Gaza's Winter Misery: Flooded Camps, Soaked Tents Amid Ceasefire Talks
Gaza's displaced face winter floods as ceasefire talks continue

Torrential winter rains have lashed the Gaza Strip, creating dire conditions for hundreds of thousands of displaced Palestinians living in makeshift camps. The downpours over the weekend flooded tent encampments with ankle-deep water, soaking belongings and collapsing shelters already frayed by months of conflict.

Nowhere to Escape the Flooding

In the southern city of Khan Younis, the scene was one of profound distress. Blankets were soaked through, and simple clay ovens used for cooking were swamped. Children wearing flip-flops waded through cold puddles as adults used shovels, tin cans, and their bare hands to bail water from their tents or pry collapsed shelters from the mud.

Majdoleen Tarabein, displaced from Rafah, described the chaos. "Puddles formed, and there was a bad smell," she said. "The tent flew away. We don't know what to do or where to go." She and her family attempted to wring muddy blankets dry by hand.

Another displaced woman in Khan Younis, Eman Abu Riziq, recounted waking to find her tent flooded. "These are the mattresses. They are all completely soaked," she said, adding that her family is still grieving her husband's death less than two weeks prior.

The pleas from the camps are desperate and direct. Fatima Abu Omar, struggling to prop up a collapsing shelter, asked, "Where are the mediators? We don't want food. We don't want anything. We are exhausted. We just want mattresses and covers."

Mounting Death Toll and Inadequate Shelter

The health consequences are severe.
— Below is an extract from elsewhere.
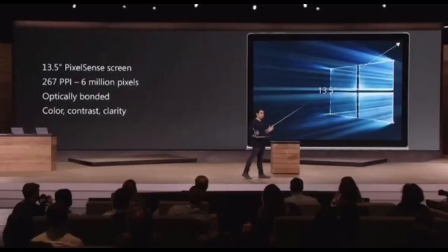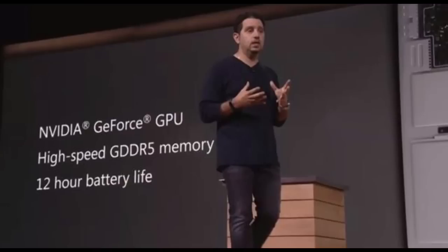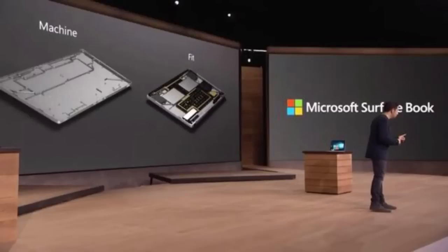It also says that typing will be perfect. It comes with an NVIDIA GPU. No word on what version it will be, but it says DDR5. So we're probably going to get maybe like a GTX 860 or something. Actually, the DDR5 is the RAM, not the GPU. So the GPU will be a normal one. But the RAM is DDR5.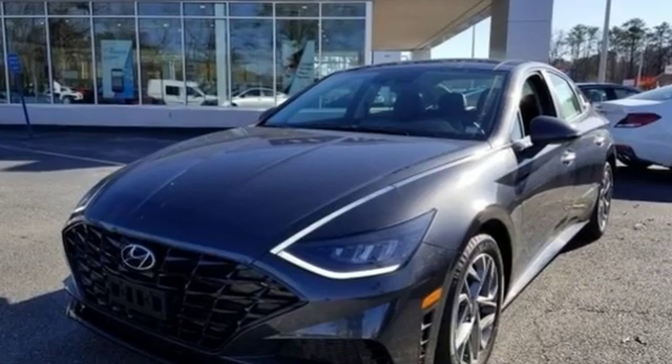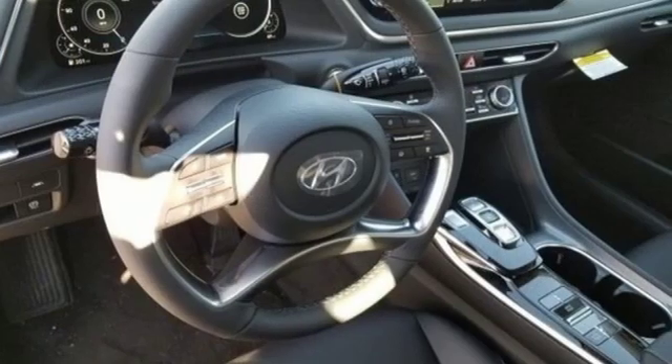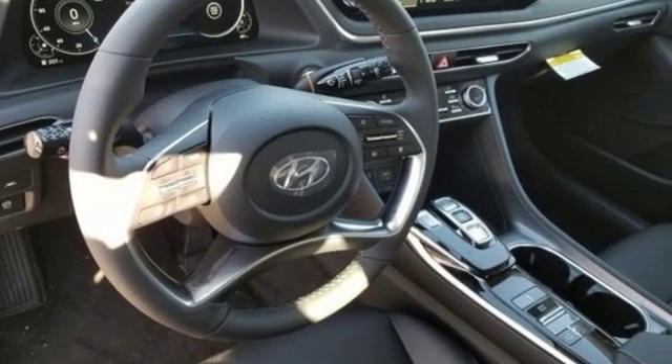They say a journey begins with one step. In this case, it begins with a test drive. Start your next adventure today.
According to Gaza's Hamas-run Health Ministry, at least 12 people, including a 2-week-old infant, have died since December 13 from hypothermia or weather-related collapses of war-damaged homes.

Emergency workers warn people not to stay in damaged buildings, but with much of the territory in ruins, alternatives are scarce. A United Nations estimate from July suggested that almost 80% of buildings in Gaza have been destroyed or damaged.

The broader human cost of the war remains staggering. The Health Ministry reports that since the ceasefire between Israel and Hamas began, 414 people have been killed and 1,142 wounded in Gaza. The overall Palestinian death toll from the war now stands at least 71,266. The ministry's counts, maintained by medical professionals, are viewed as generally reliable internationally, though they do not distinguish between militants and civilians.

The conflict began with the Hamas-led attack in southern Israel on October 7, 2023, which killed about 1,200 people and saw 251 taken hostage.

Ceasefire Stalls as Aid Falls Short

Against this backdrop of suffering, diplomatic efforts continue. Israeli Prime Minister Benjamin Netanyahu traveled for an expected meeting on Monday with U.S. President Donald Trump in Florida to discuss the second phase of the ceasefire. The first phase, which took effect on October 10, was intended to bring a surge in humanitarian aid, including shelter.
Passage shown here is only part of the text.